Thomas' opinion notably avoided listing Loving v. Virginia, the 1967 case that guaranteed the constitutional right to interracial marriage, though that high court decision also hinged on substantive due process claims. Thomas, who is Black, is married to Virginia "Ginni" Thomas, who is white.

House Democrats are moving swiftly in response to Thomas' musings.

"Make no mistake, while his legal reasoning is twisted and unsound, it is crucial that we take Justice Thomas and the extremist movement behind him at their word. This is what they intend to do," Pelosi said.

Democratic Representative Mondaire Jones of New York, who is gay, took to the floor Tuesday, recalling how he felt when the New York State Legislature passed marriage equality legislation in 2011.

"I was still closeted, and I was so afraid that someone might find out the truth about my being gay. So, I closed the door to my room and cried tears of joy. Finally, my home state of New York had recognized me as a full human being, affirming all of those scary yet beautiful feelings that I had bottled up inside for decades, wondering, hoping one day the world would change. Four years later, the Supreme Court's decision in Obergefell sent that message to millions of LGBTQ+ Americans," Jones said.

In addition to the vote to enshrine the right to marriage equality, the House voted last week to codify the right to abortion into federal law and the chamber is expected to hold a vote on protecting the right to contraception access later this week.

Republicans condemned Tuesday's vote, with many deeming the legislation unnecessary and claiming the court has no intention of going after marriage equality or contraception.

"They've manufactured this crisis, this demeaning, divisive debate, trying to reopen a Pandora's box that no one has opened except the Democrats," Representative Mike Johnson, a Republican from Louisiana, said on the House floor Tuesday.

Democratic Representative Jerry Nadler, chairman of the House Judiciary Committee, argued back at Republicans opposing the bill, asserting that the legislation aims to safeguard a right in the event the court does one day overturn Obergefell.

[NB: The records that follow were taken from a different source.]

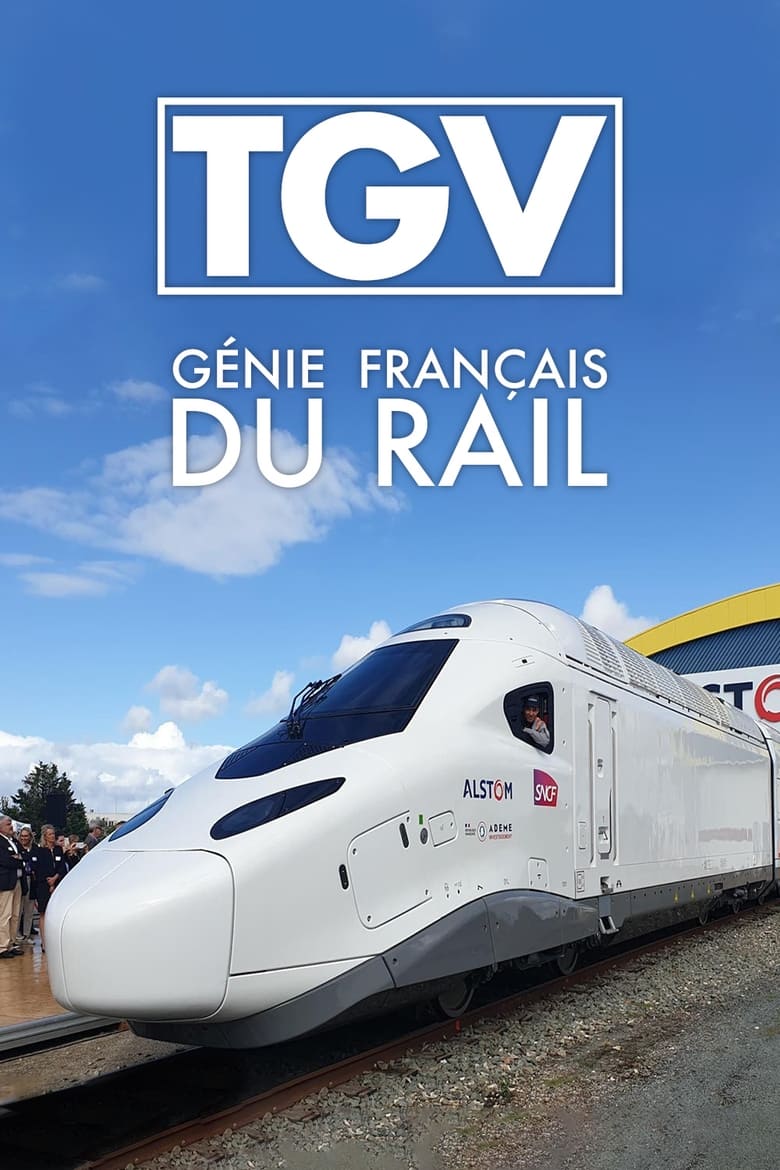 Poster of TGV, génie français du rail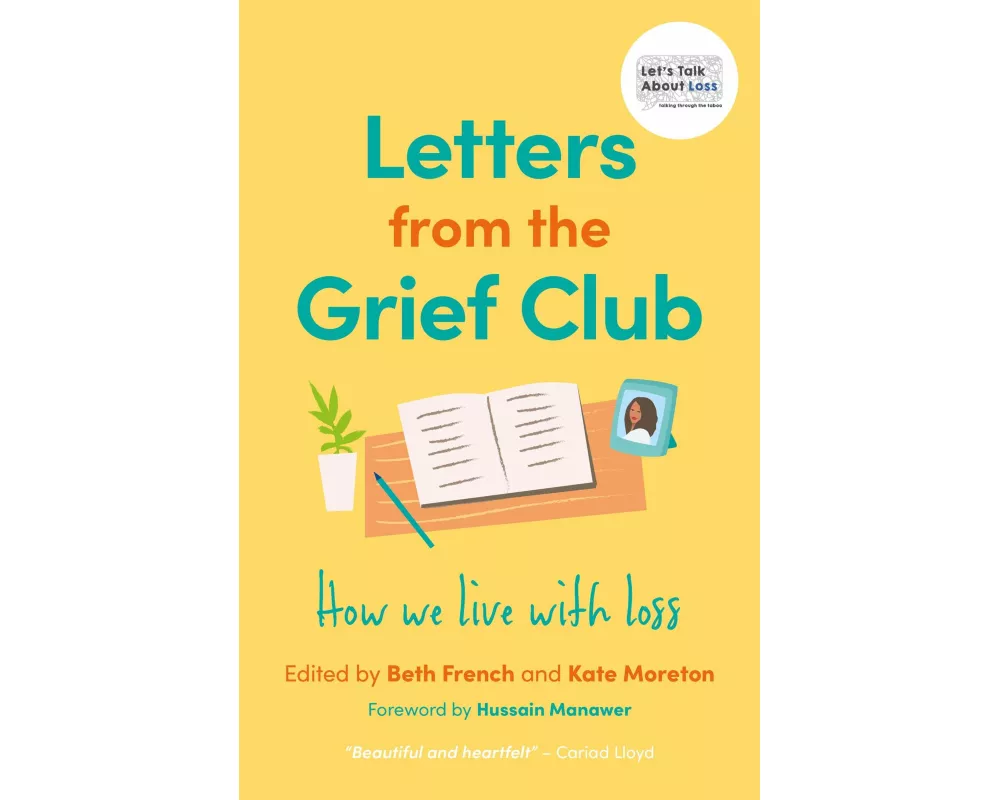 Letters from the Grief Club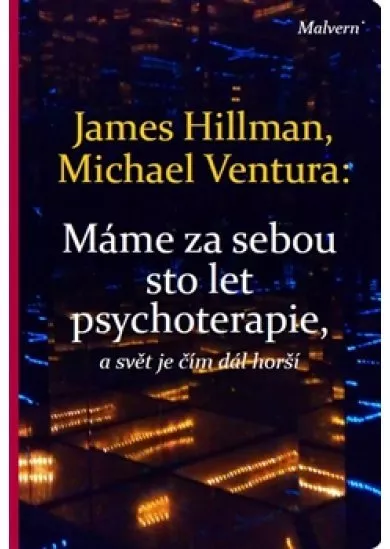 Máme za sebou sto let psychoterapie a svět je stále horší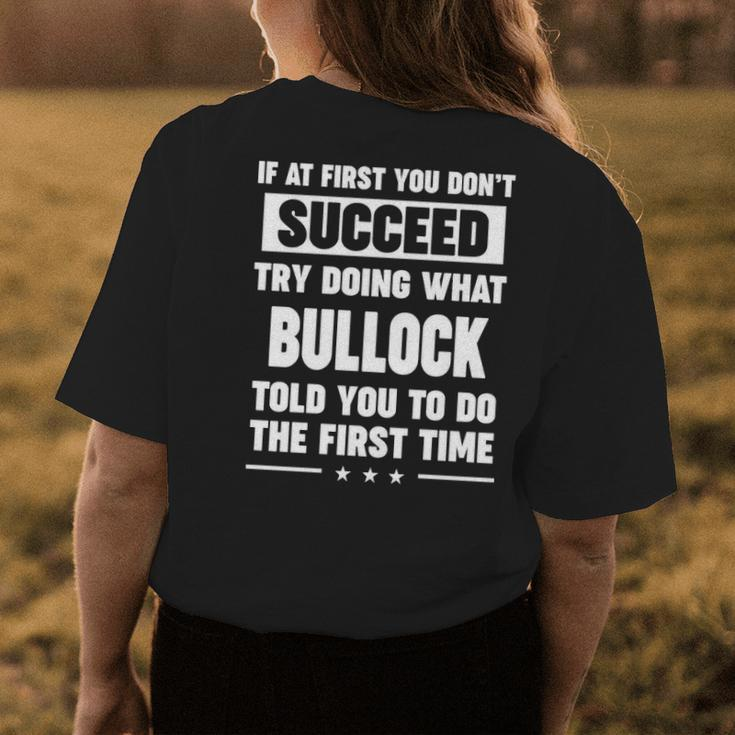 Bullock Name Gift What Bullock Told You To Do Womens Back Print T-shirt Funny Gifts
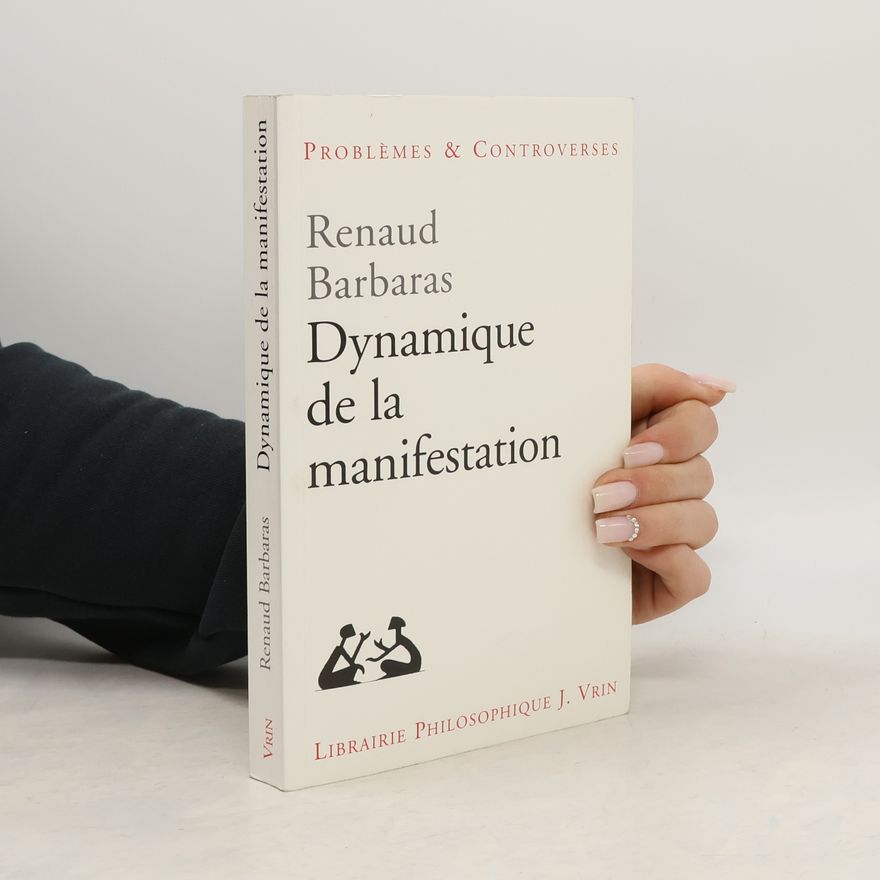 Professor Renaud Barbaras Problèmes & Controverses: Dynamique de la manifestation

"This is about a fundamental fairness in our system, ensuring that people can marry the person they love. And if it's not necessary, you can vote for it. If you're right that we're worried and we shouldn't be, reaffirm it, but don't hide behind that to justify your refusal to vote for marriage equality in this country," Nadler said

The bill faces a tough battle in the 50-50 Senate, which failed to pass legislation protecting abortion access earlier this year, and the filibuster poses a major hurdle to the advancement of the other House bills.